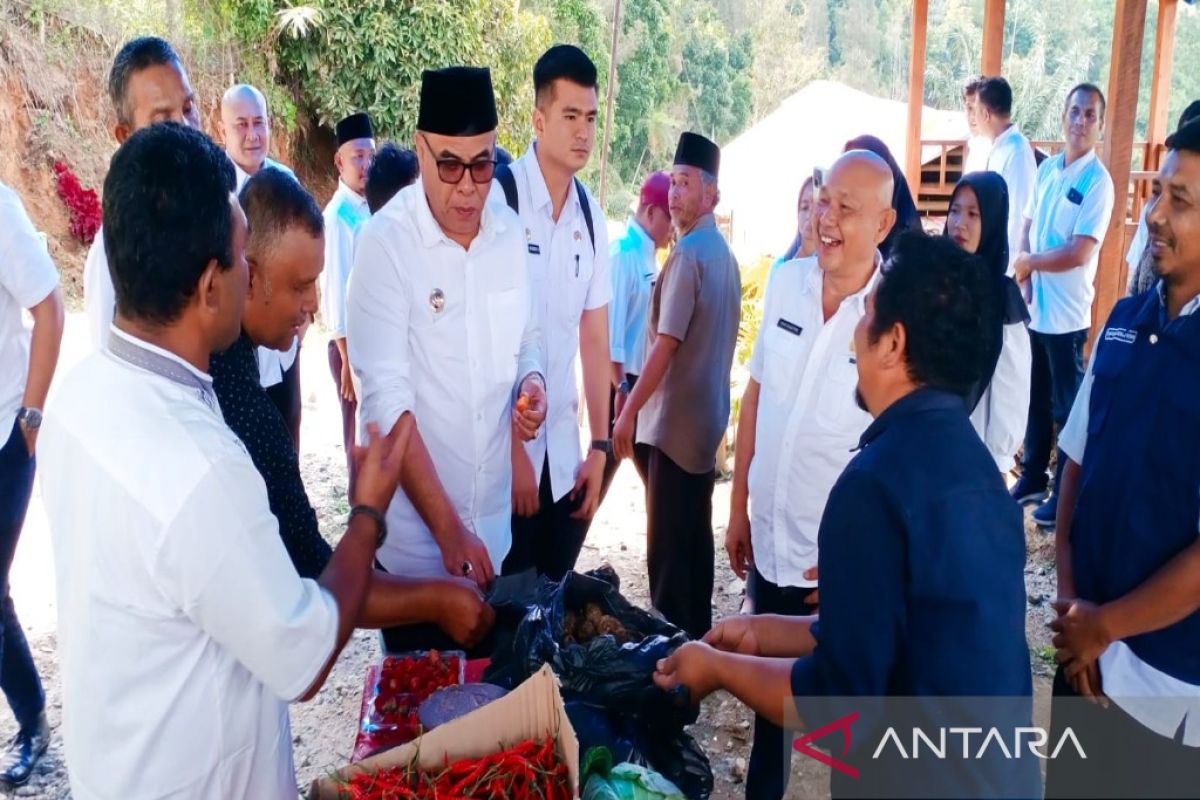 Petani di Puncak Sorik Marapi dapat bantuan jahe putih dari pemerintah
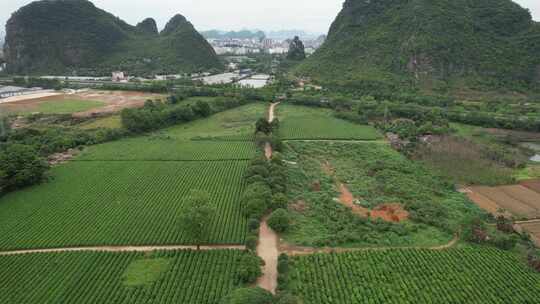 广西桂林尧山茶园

...

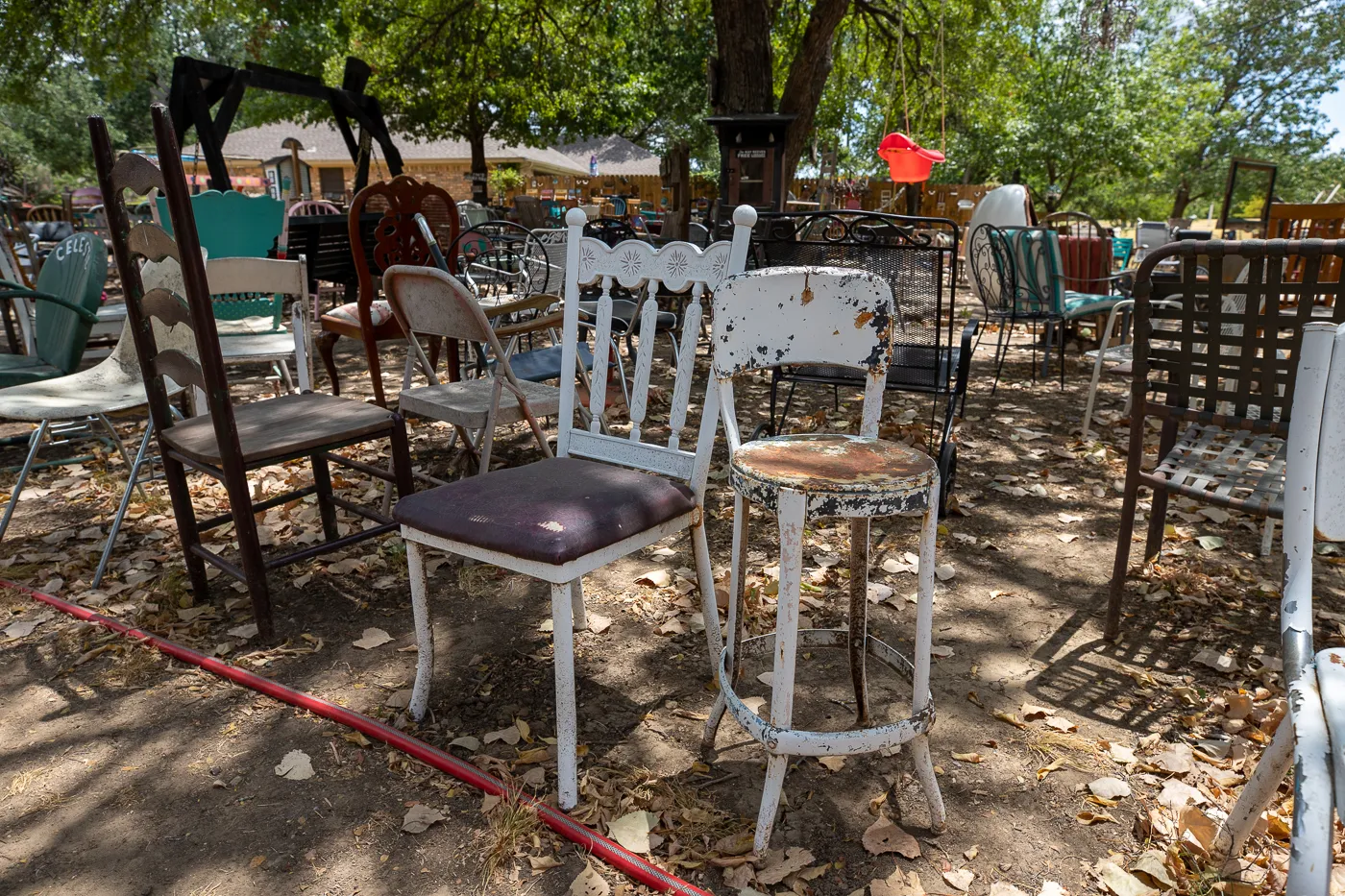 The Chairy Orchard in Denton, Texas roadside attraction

* * *

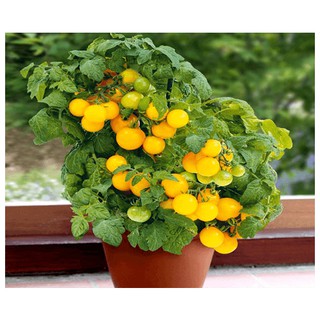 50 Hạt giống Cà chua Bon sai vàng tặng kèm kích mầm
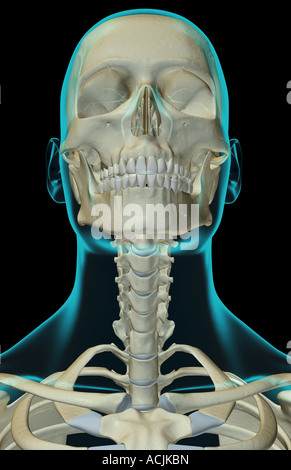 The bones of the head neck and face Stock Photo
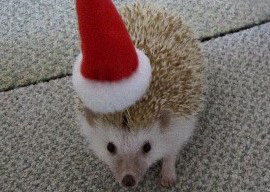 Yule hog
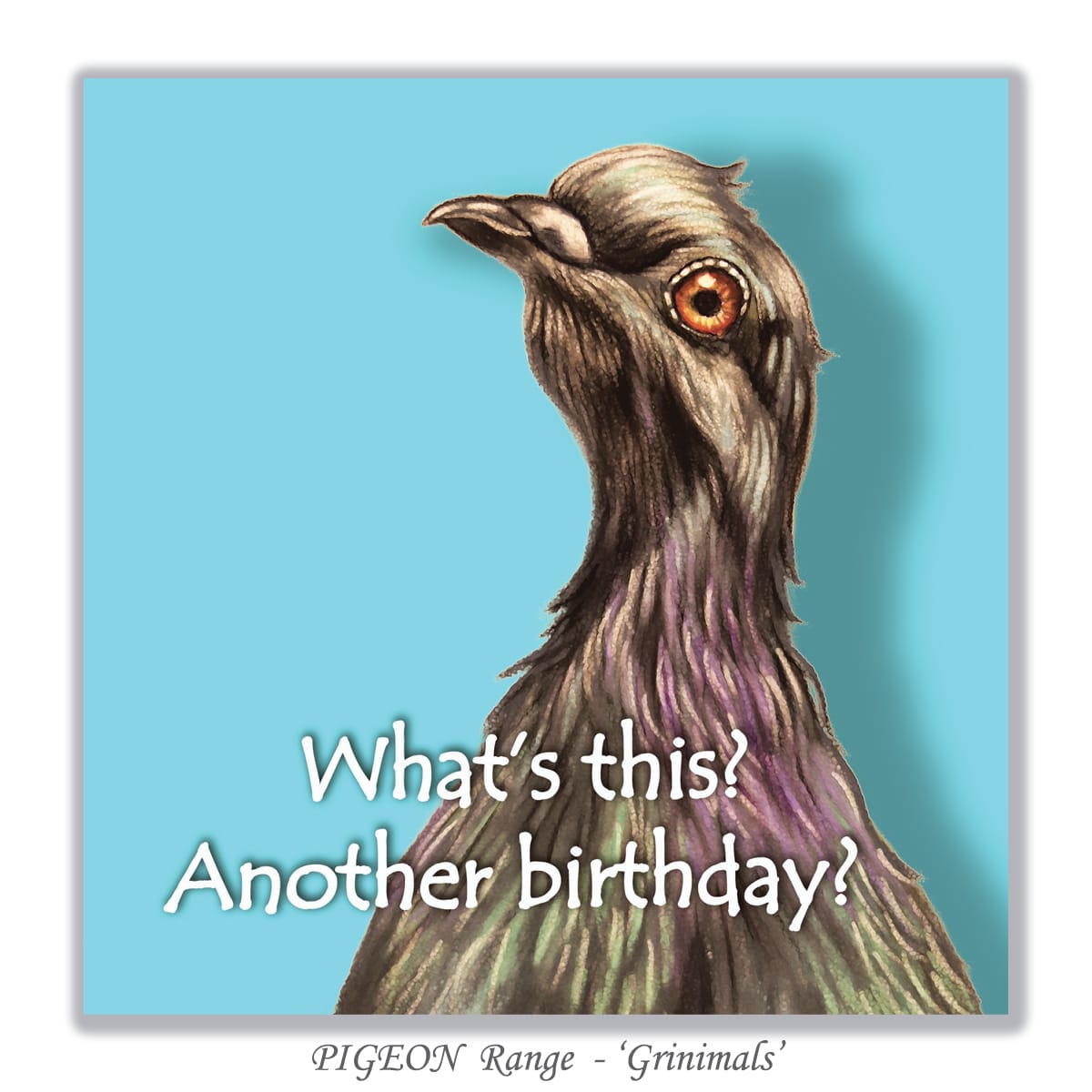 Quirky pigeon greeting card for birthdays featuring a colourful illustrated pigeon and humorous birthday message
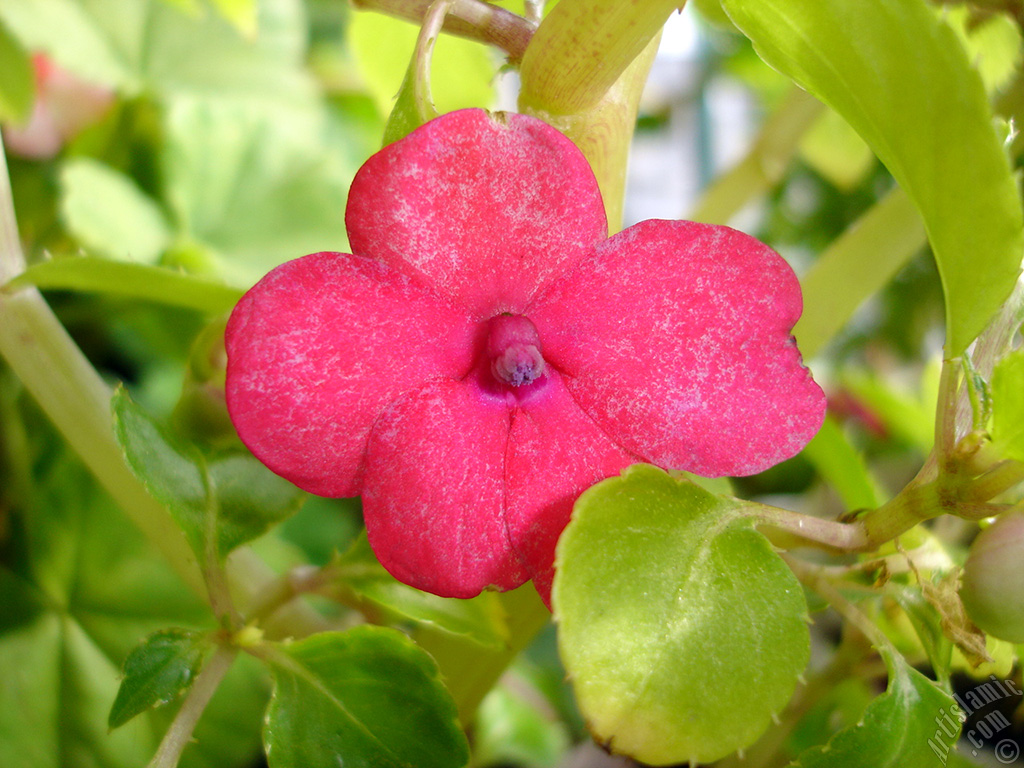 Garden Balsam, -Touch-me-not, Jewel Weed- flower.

- [What you should do]:
In the entries above, find the line with "50 Hạt giống" and the line with "Garden Balsam, -Touch-me-not, Jewel". Return exactly those lines and all the ones between them, pictures excluded.

- [Result of the exercise]:
 50 Hạt giống Cà chua Bon sai vàng tặng kèm kích mầm
 The bones of the head neck and face Stock Photo
 Yule hog
 Quirky pigeon greeting card for birthdays featuring a colourful illustrated pigeon and humorous birthday message
 Garden Balsam, -Touch-me-not, Jewel Weed- flower.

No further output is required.